パイとマドレーヌ、なんとすばらしいアイデア。
マドレーヌにりんごの果汁が滲みこんで、それが一拍置いてりんごの風味を投げ返し、リフレインするのだ。
シニフィアンシニフィエ(三軒茶屋)
パンの中に焼きりんごを入れる構想力。
表面のマカロナージュはかりかり。
湿った生地がほろほろと崩れ、歯にねっちりとくっつき、なおかつちゅるちゅる溶けていく、というウルトラDは志賀勝栄シェフならではの技術とこだわりだと思った。
想定外なことに、りんごの香りはいつしかきんかんの香りに変化を遂げる。
かりかり焦げたアーモンドスライスとりんごとの相性まで緻密に計算されているのだ。
星パン屋(根岸)
りんごミルキーウェイ
「煮詰めたりんごをたくさん入れた銀河系のシナモンロール」とメッセージが添えられていた。

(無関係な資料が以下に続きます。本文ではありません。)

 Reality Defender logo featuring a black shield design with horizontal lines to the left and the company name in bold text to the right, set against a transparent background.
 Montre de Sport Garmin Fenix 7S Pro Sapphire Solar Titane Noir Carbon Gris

星パン屋は昨年横浜にオープンしたばかり、宇宙をテーマにした異色のパン屋。
シナモンロールは、店主の白井純子さんが得意とするもので、渦を巻いたその姿からミルキーウェイと名づけている。
シナモンの銀河系に相性抜群のりんごが飛び込んだ。
エペ(吉祥寺)
りんごのベラベッカ
りんごをわざわざドライフルーツにし、りんごのお酒カルヴァドスで香りづけしたものを使用。
たくさんのドライフルーツやナッツをりんごの香りとともに食べる、贅沢なパン。
11日夜には、六本木のピッツァ ヌーバで、「りんごの日パーティ」が行われた。
上記のパンを一堂に集め、みんなで食べるという催し。
おかげさまで30席がすぐにいっぱいとなる盛況。
みなさんの被災地への変わらぬあたたかい気持ちをたしかに感じることができた。
ピッツァヌーバで出た料理。
パンに合うものをというリクエストでご用意いただいた前菜は、ヌーバの名物である石窯料理。

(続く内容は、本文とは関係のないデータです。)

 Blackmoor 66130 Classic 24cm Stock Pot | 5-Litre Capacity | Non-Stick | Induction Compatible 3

石窯で焼いただけのシンプルな野菜が、素材の味がしてとてもおいしかった。
同じく石窯で焼いた陸前高田広田湾産のきらきらほたて。
そしてりんごを使ったデザートピッツァもご用意いただいた。
粉糖をふって、熱いりんごの上に冷たいアイスをとろけさせていっしょにいただくのは、言うまでもなくおいしかった。
そして、各お店から集められたパンを分けて召し上がっていただいた。
ゲストにお呼びしたのは、いつも陸前高田へご同行いただいている、Zopfの伊原靖友店長。
4種類の食事パンをご用意いただくとともに、前記したりんごのパン。
そして、Zカンパーニュを持ってきていただいた。
Zopfの庭に生るぶどうからとったZ酵母を、希望のりんごジュース「点 TOMORU」で培養した特別バージョン。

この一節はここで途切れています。